=== YOUR OBJECTIVE ===
Transcribe the entries that come next exactly, but not the pictures they contain.

== GIVEN RECORDS

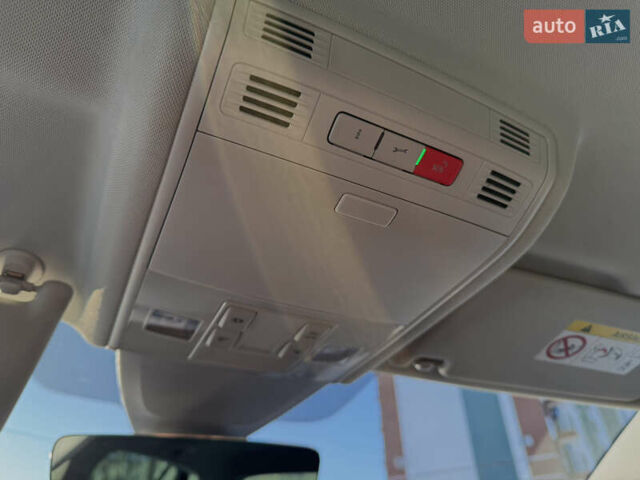 Черный Фольксваген e-Golf, объемом двигателя 0 л и пробегом 114 тыс. км за 12750 $, фото 41 на Automoto.ua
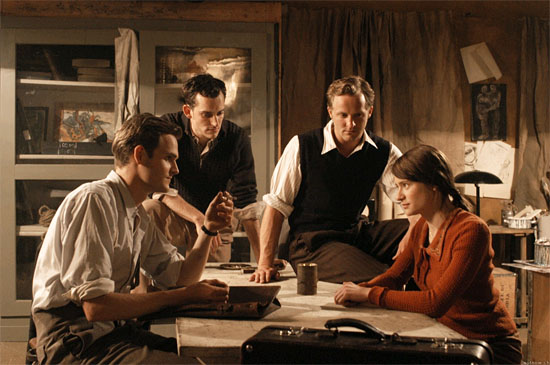 Julia Jentsch als Sophie Scholl mit ihrem Bruder Hans und anderen Mitgliedern der Gruppe "Weiße Rose". (© ARD)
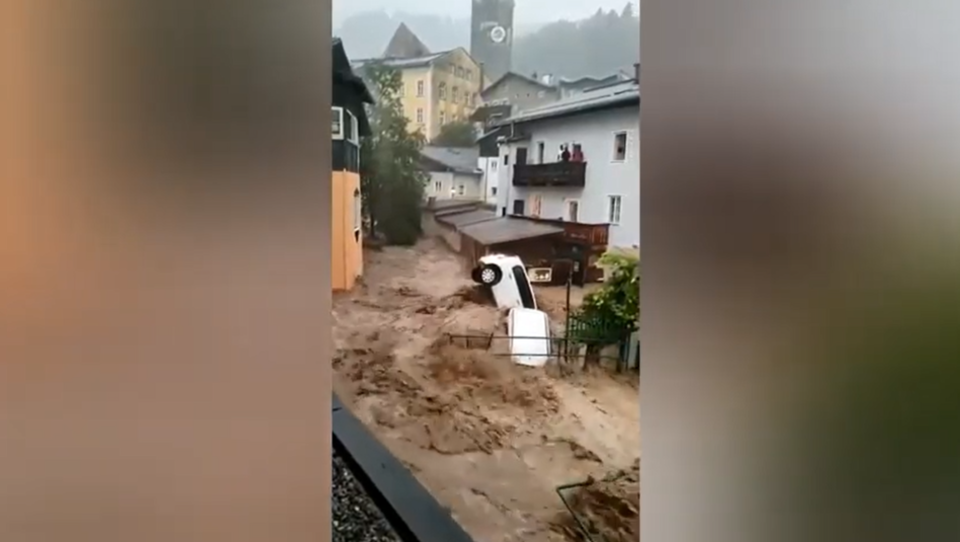 Nächste Katastrophe? Reißende Flut wälzt sich durch Hallein in Österreich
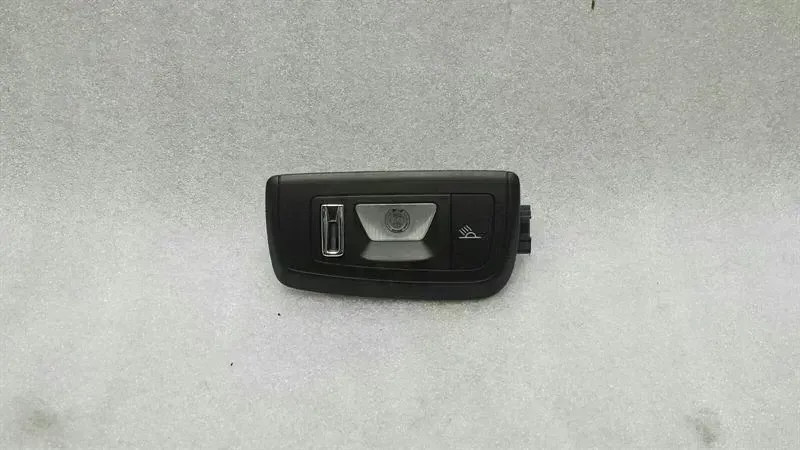 Porsche Panamera Porsche Panamera 970 Roof Light 97063206103 Interior Light Lamp Left Body type: Saloon
Fuel: Diesel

====

=== RESULT BELOW ===
 Черный Фольксваген e-Golf, объемом двигателя 0 л и пробегом 114 тыс. км за 12750 $, фото 41 на Automoto.ua
 Julia Jentsch als Sophie Scholl mit ihrem Bruder Hans und anderen Mitgliedern der Gruppe "Weiße Rose". (© ARD)
 Nächste Katastrophe? Reißende Flut wälzt sich durch Hallein in Österreich
 Porsche Panamera Porsche Panamera 970 Roof Light 97063206103 Interior Light Lamp Left Body type: Saloon
Fuel: Diesel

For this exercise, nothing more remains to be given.